A New York lawyer, Paul Francis Linn, pens a meaty response to anti-Boehner&Paul Ryan scholars who say B&R violate RC principles with their economizing. He writes in comment to The Hill’s piece on Archbp Dolan of NYC’s commending B. on showing due respect for RC principles.
Dolan, pres. of U.S. bishops’ conference, had written B. and R. before the scholars chastised them for their economizing; so he was not responding to the scholars. But he was providing cover for GOP economizers.
Here’s Linn on RC social teaching:
Archbishop Dolan understands and proclaims Catholic social teaching far better than the academics who wrote the open letter to Speaker Boehner.

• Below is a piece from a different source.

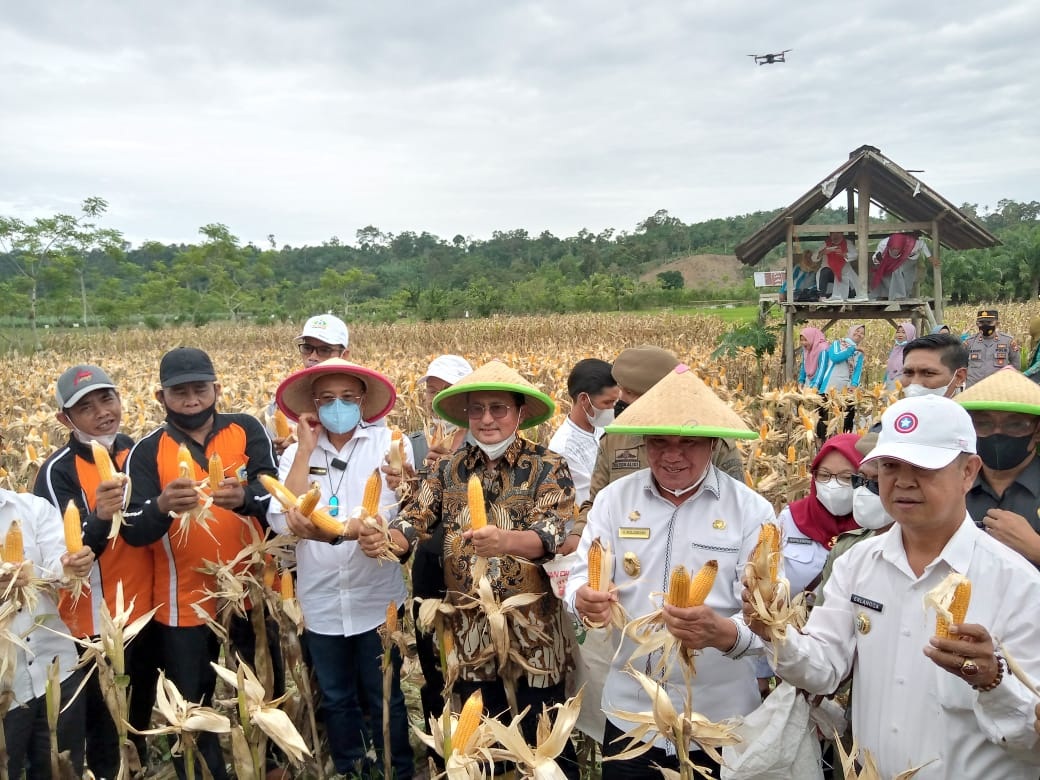 Waka II MPR : Bengkulu Selatan Berpotensi Menjadi Lumbung Jagung Nasional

. . . all Christians have an obligation to the poor. And few . . . do as much to serve the poor as faith commands. But have the Catholic academics who wrote the open letter to Speaker Boehner actually concluded that ones obligation . . . toward the poor is somehow satisfied by taking money from one person (through taxation or otherwise) and giving it to an anonymous poor person (or more likely by giving it to a bureaucrat in a program whose actual track record is to perpetuate poverty and the poverty industry)?
It is soft thinking . . . to confuse the obligation each has toward the poor . . . with the necessity or even the appropriateness of a particular legislative proposal to provide relief for the poor or solutions to poverty. In contrast to issues where there is a clear moral absolute, like the Church’s unwaivering [sic] prohibition on abortion, reasonable people can of course differ on whether the poor are better helped by policies that promote the right of economic initiative (to use Pope John Paul IIs words) than by bureaucratic and statist relief programs.

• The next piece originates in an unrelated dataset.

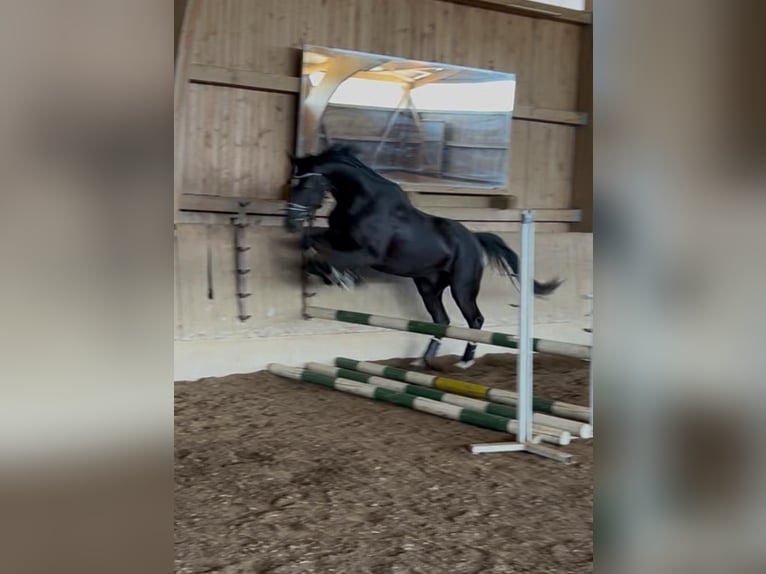 Cheval de sport allemand Hongre 4 Ans 165 cm Noir in Dachau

But in terms of the Catholic worldview, Archbishop Dolan knows, as surely the Catholic academics who wrote to the Speaker should know, that . . . Pope John Paul II strongly criticized the deficiencies of the social assistance state, the excesses of which he concluded lead to a loss of human energies and an inordinate increase of public agencies which are dominated more by bureaucratic ways of thinking than by concern for serving their clients and which are accompanied by an enormous increase in spending. (Centisimus Annus, n. 35)
Despite the possibly good intentions of those with views like the open-letter-writing academics, the reality is that in this country, the development of the social assistance state and the parallel imposition of ever more restrictions on the right of economic initiative have actually coincided and, many would submit, have caused a tremendous increase in the poor, in poverty, and in the loss of human dignity.
Unlike Archbishop Dolan and Speaker Boehner, the academics confuse their politics with their religion.
Well said. Beware canonizing of legislation, beware stifling initiative, beware making matters worse. And save your indignation sometimes for worthier causes, ye academics who object to economizing measures.